January 19, 2011
Asheesh Laroia is speaking at Pycon in Atlanta this year, and will present a draft of his 30-min talk, “Get new contributors (and diversity) through outreach”:
This talk is targeted at anyone involved in an open source project who wants to find more contributors.Programs like Google Summer of Code often provide excited students who disappear after a summer’s work. Meanwhile, request for help emails on development lists are typically met with silence. Hackathons create a flurry of commits, but then we never hear from the participants again. Expanding your team is possible, and it requires care in terms of outreach, expectation management, and mentorship.We will discuss three major forms of outreach:
- One-on-one check-ins with participants,
- Periodic drives to bring in new contributors, and
- In-person teaching events.
Each one has “do”s and “don’t”s associated with it. This talk digests the experience of effective outreach into practical strategies that you can re-use within your project.

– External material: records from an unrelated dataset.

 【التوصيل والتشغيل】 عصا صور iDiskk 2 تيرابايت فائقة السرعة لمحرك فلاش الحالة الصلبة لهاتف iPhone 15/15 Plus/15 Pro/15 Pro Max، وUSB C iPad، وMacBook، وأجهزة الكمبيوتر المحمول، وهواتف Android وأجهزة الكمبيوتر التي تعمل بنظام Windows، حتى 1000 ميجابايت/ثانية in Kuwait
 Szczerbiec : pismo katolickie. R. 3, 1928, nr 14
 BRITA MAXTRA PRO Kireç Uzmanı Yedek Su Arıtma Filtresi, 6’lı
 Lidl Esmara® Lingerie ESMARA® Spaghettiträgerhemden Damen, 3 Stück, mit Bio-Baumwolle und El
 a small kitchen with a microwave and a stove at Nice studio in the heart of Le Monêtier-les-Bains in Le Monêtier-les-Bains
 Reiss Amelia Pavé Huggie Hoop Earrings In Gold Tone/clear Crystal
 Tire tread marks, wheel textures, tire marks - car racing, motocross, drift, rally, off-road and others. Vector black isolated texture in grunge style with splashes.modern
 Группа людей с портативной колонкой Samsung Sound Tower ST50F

Then we’ll turn our attention to more mundane matters: this discussion about installation chaos (http://www.meetup.com/bostonpython/ideas/583191/) seems like a good topic for a freewheeling session. I don’t know exactly what we’ll cover, so bring your questions, answers, and opinions.
Have an installation issue that’s been bugging you? Have you come up with a novel way to solve the tension between Python packages and OS packages? Just need help getting a particular package to finally work right? Confused by virtualenv, pip, easy_install, pypi, etc? Come to the meetup and get into the mix.
If we run out of installation stuff to talk about, we’ll start on something else, who knows what? The floor is completely open, bring your Python grievances and adorations.